= The problem =
For the records below, reproduce exactly the line that contains "SF Gothican Condensed Regular Character Map SF" and all subsequent lines, with nothing left out and nothing added.
[Listed records Boundary: Start]
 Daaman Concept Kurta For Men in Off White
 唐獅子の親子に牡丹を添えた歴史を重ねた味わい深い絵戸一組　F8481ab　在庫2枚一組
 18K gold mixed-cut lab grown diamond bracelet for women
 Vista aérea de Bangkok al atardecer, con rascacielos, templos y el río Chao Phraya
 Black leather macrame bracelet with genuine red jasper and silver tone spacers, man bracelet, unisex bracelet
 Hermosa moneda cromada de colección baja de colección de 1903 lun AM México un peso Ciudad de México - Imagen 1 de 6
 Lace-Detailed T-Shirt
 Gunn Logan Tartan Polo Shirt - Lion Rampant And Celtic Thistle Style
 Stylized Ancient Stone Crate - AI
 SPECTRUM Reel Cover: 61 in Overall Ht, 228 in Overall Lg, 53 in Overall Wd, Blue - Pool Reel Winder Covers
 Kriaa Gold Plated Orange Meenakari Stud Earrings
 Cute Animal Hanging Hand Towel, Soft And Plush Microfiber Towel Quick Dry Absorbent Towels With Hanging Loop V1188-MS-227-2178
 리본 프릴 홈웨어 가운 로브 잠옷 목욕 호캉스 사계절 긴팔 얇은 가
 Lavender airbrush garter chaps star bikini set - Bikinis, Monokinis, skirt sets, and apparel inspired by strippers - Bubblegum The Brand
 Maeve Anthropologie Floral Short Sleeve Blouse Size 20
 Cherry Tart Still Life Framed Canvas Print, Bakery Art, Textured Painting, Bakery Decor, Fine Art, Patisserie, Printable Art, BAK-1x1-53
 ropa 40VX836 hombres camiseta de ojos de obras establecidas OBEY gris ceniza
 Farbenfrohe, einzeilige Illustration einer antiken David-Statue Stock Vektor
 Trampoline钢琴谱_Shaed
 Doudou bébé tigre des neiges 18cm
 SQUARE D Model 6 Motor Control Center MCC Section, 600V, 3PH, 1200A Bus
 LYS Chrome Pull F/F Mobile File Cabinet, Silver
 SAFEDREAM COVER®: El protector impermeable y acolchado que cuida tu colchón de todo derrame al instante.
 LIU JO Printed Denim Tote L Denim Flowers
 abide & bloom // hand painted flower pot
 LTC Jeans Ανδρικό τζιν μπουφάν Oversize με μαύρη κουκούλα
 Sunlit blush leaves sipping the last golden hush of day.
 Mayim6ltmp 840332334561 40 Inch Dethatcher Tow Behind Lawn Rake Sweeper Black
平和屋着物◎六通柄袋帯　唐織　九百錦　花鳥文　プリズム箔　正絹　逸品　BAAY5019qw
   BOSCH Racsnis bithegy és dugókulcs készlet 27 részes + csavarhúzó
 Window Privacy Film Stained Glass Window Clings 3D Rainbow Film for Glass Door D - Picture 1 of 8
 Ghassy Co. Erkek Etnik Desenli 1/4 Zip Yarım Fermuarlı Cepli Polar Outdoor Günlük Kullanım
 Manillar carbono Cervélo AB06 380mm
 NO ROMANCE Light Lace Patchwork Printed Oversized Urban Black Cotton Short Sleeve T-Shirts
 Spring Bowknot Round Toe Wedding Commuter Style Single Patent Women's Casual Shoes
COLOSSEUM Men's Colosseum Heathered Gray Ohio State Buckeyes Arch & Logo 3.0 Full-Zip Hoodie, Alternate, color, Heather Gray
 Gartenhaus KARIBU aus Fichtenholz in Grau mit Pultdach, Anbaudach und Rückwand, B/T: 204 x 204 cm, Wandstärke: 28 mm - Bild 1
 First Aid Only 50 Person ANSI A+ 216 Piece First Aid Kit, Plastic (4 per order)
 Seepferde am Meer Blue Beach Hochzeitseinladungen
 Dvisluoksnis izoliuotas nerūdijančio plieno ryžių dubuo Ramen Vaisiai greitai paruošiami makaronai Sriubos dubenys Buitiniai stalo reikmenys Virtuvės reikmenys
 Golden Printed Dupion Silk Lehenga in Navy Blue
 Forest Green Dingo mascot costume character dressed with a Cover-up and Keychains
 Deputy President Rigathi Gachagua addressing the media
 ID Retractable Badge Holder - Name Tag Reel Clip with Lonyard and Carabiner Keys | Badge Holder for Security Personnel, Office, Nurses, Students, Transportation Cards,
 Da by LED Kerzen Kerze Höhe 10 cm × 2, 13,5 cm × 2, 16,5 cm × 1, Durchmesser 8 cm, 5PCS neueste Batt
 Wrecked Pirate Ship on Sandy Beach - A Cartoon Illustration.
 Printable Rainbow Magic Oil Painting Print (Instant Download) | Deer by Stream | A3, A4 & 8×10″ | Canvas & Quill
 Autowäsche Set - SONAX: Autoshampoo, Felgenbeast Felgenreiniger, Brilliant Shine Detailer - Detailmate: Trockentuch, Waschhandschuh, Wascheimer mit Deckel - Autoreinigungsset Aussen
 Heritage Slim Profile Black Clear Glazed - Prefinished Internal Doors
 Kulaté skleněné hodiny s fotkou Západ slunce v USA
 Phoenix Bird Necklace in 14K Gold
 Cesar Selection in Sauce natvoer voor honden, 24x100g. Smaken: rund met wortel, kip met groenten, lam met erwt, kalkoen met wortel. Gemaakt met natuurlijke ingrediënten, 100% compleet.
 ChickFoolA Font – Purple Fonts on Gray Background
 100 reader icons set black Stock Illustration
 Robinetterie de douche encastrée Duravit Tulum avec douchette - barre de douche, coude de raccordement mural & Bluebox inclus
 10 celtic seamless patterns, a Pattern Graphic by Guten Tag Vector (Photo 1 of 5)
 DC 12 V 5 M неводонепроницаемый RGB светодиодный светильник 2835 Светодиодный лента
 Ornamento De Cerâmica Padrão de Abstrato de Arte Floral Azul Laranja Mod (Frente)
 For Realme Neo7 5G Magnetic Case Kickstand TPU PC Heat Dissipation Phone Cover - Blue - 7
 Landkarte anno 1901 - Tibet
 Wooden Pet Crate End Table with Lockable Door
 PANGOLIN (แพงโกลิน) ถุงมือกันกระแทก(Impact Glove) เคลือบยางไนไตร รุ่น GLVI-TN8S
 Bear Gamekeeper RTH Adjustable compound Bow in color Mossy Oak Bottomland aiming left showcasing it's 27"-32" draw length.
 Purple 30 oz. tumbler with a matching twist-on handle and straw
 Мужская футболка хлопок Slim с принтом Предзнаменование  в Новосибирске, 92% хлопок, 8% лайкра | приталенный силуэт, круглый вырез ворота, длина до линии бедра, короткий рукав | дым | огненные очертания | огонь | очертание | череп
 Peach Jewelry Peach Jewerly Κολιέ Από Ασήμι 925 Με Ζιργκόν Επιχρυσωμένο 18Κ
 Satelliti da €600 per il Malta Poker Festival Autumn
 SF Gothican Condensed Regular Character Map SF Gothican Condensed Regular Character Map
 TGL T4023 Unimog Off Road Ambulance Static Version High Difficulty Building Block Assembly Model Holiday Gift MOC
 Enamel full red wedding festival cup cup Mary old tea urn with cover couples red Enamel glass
[Listed records Boundary: End]
= Result =
 SF Gothican Condensed Regular Character Map SF Gothican Condensed Regular Character Map
 TGL T4023 Unimog Off Road Ambulance Static Version High Difficulty Building Block Assembly Model Holiday Gift MOC
 Enamel full red wedding festival cup cup Mary old tea urn with cover couples red Enamel glass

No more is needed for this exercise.